> [Provided records]:
══════════

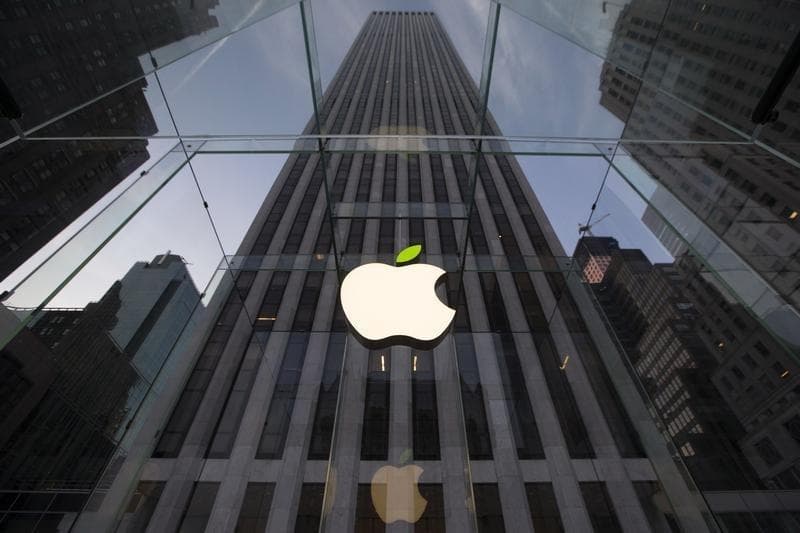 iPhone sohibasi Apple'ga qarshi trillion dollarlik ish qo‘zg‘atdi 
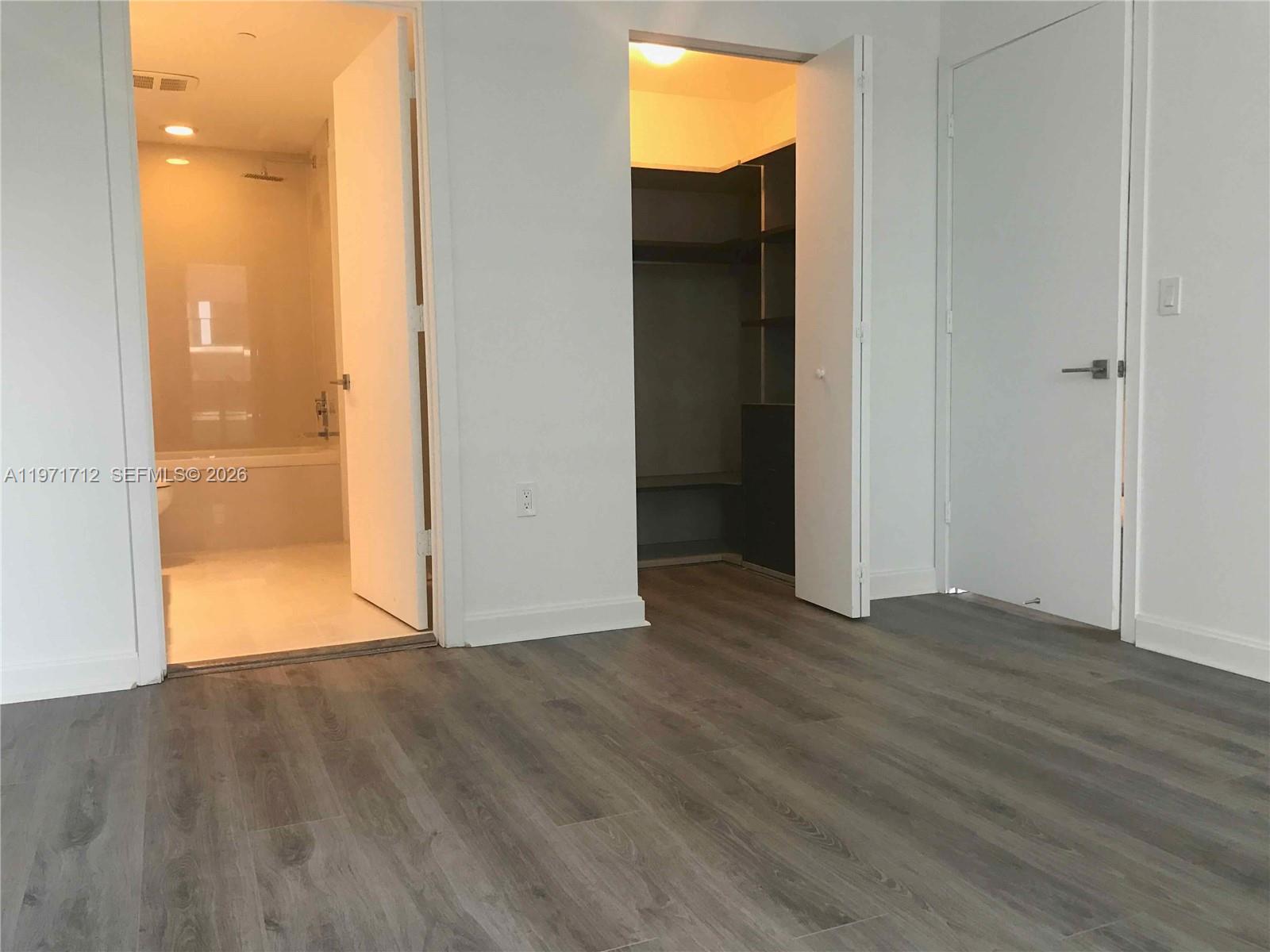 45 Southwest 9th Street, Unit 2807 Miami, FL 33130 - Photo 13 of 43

══════════

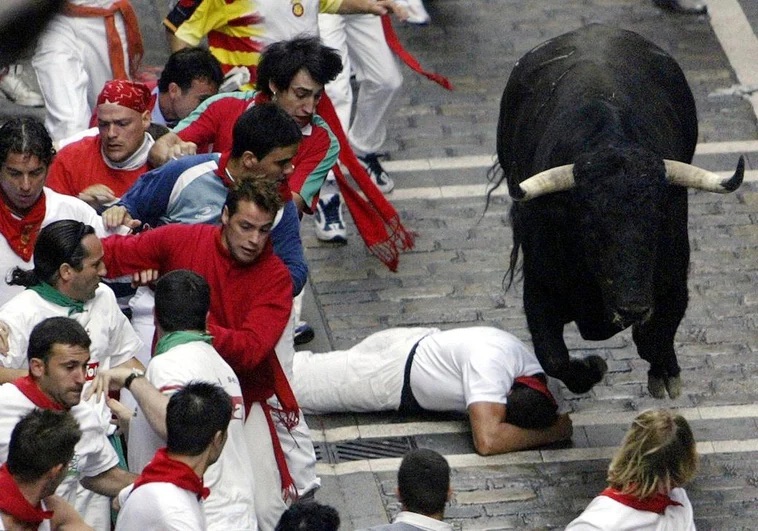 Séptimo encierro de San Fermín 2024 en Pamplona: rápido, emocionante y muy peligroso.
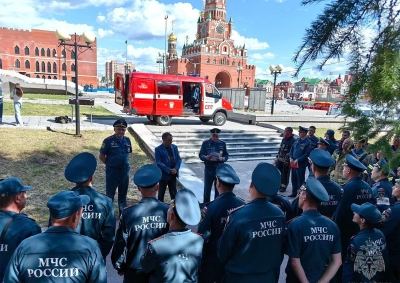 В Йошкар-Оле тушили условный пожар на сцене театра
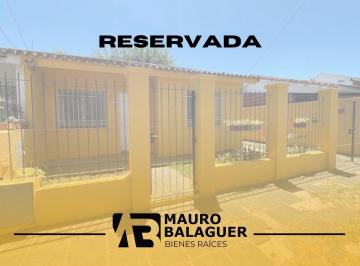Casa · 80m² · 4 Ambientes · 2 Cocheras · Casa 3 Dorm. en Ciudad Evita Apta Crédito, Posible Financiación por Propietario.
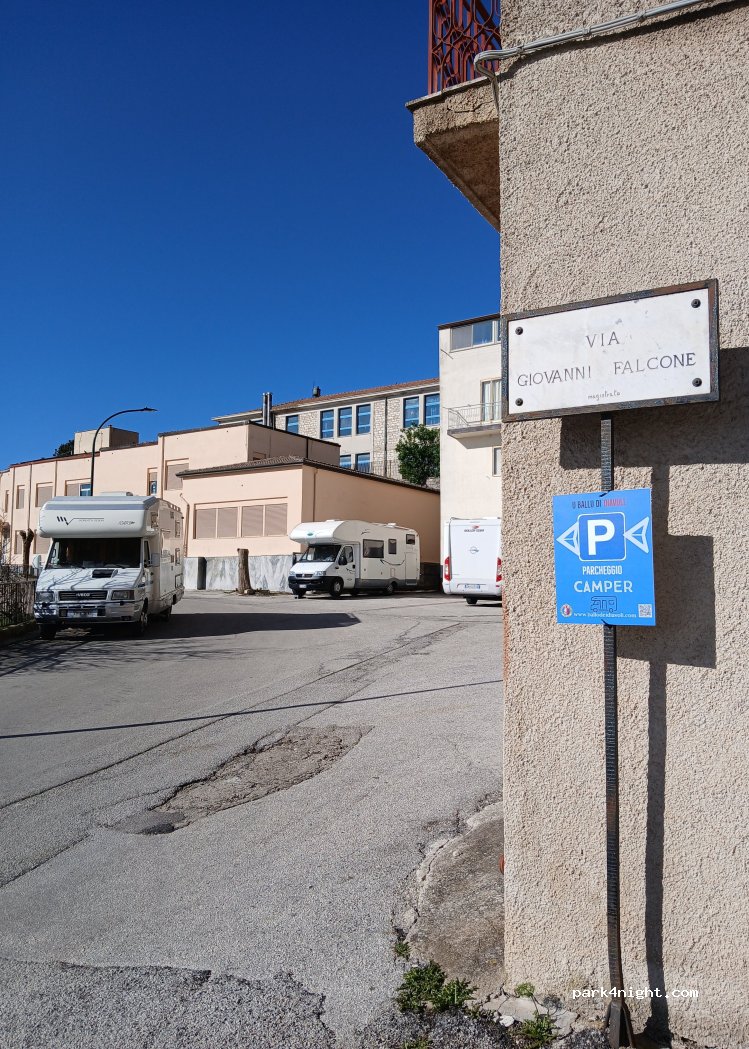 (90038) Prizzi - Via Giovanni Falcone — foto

══════════

> [Activity]: Because only one stretch of the records is wanted, please output the lines from the one holding "iPhone sohibasi Apple'ga" through the one holding "45 Southwest 9th" exactly, both included, and leave every picture out.

> [Written reply]:
 iPhone sohibasi Apple'ga qarshi trillion dollarlik ish qo‘zg‘atdi 
 45 Southwest 9th Street, Unit 2807 Miami, FL 33130 - Photo 13 of 43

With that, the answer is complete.